More than Rosemary for Remembrance

| October/November 2006

Place photos and your favorite herbs between the pages of your scrapbook for botanical meaning and artful embellishments — reminders of days gone by, of fun and frolicking in the garden.

Someone once said, “God gave us memories so we might have roses in December.” Keep your memories and your roses from fading by making a combination scrapbook-herbarium. You’ll have mementos from the garden to accompany all of your photographed memories. Pressed flowers and leaves placed between the pages of your scrapbook will add to the memories evoked by photos from last week or decades ago.

Nature’s beauty and your own creativity furnish unlimited possibilities when put to the page, but a few suggestions appear on the following pages. Choose plants based upon the Victorian language of flowers, or simply for their color, shape and artful display. The scent of herbs also can trigger memories, because smell is the sense most closely linked to memory.

Herb-embellished memory books are just one way of incorporating your love for herbs with your photos. Focusing on the herbarium side of this idea (a collection of plant specimens) is a fun way to catalogue your garden’s prosperity or a particular plant, along with the people and memories that go along with it.


Start a collection of herbs and flowers while nature is in full bloom or use previously dried botanicals from a specific event to decorate your pages. Collect and press plants throughout the seasons for the best variety to accompany your photos. Choose a mixture of leaf color, shape and scent.
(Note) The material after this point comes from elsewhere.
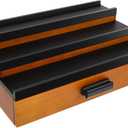 3-Tier Wooden Cologne Organizer, Classic Perfume Stand with Drawer and Hidden Compartment, Brown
Clip leaves and flowers in midmorning, after the dew has dried but before the sun begins wilting tender leaves and blossoms. Arrange leaves and flowers on a porous sheet of paper, such as blotter paper or newsprint, in a pattern similar to how you eventually plan to attach them to your scrapbook page. While you don’t have to decide everything about your design right away (believe me, it can change frequently along the way), try drying some leaves and flowers individually and some with stems in tact with varying curves so you have plenty to work with.